# DATA SUPPLIED:
* * * *
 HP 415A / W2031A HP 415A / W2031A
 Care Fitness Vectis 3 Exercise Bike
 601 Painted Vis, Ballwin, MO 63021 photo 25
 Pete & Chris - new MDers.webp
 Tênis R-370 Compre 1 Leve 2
* * * *
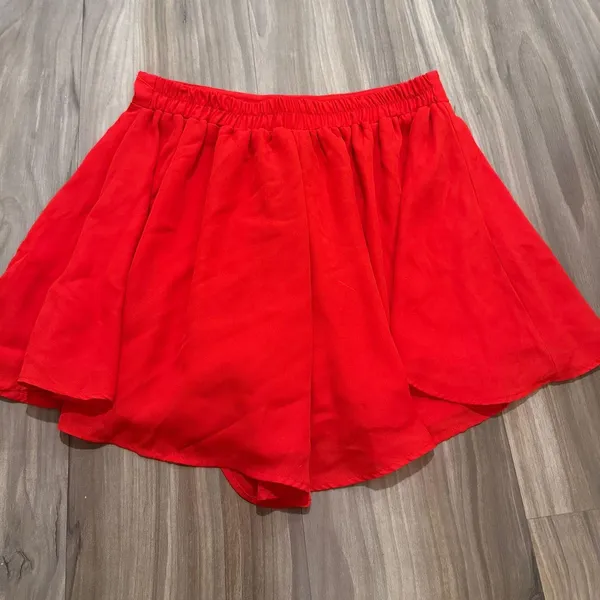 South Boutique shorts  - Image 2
* * * *
# THE PROBLEM:
Only the lines above starting at the one containing "HP 415A / W2031A HP 415A / W2031A" and ending at the one containing "Tênis R-370 Compre 1 Leve 2", both included, are to be returned, exactly as they read.

# RESULT OF THIS TASK:
 HP 415A / W2031A HP 415A / W2031A
 Care Fitness Vectis 3 Exercise Bike
 601 Painted Vis, Ballwin, MO 63021 photo 25
 Pete & Chris - new MDers.webp
 Tênis R-370 Compre 1 Leve 2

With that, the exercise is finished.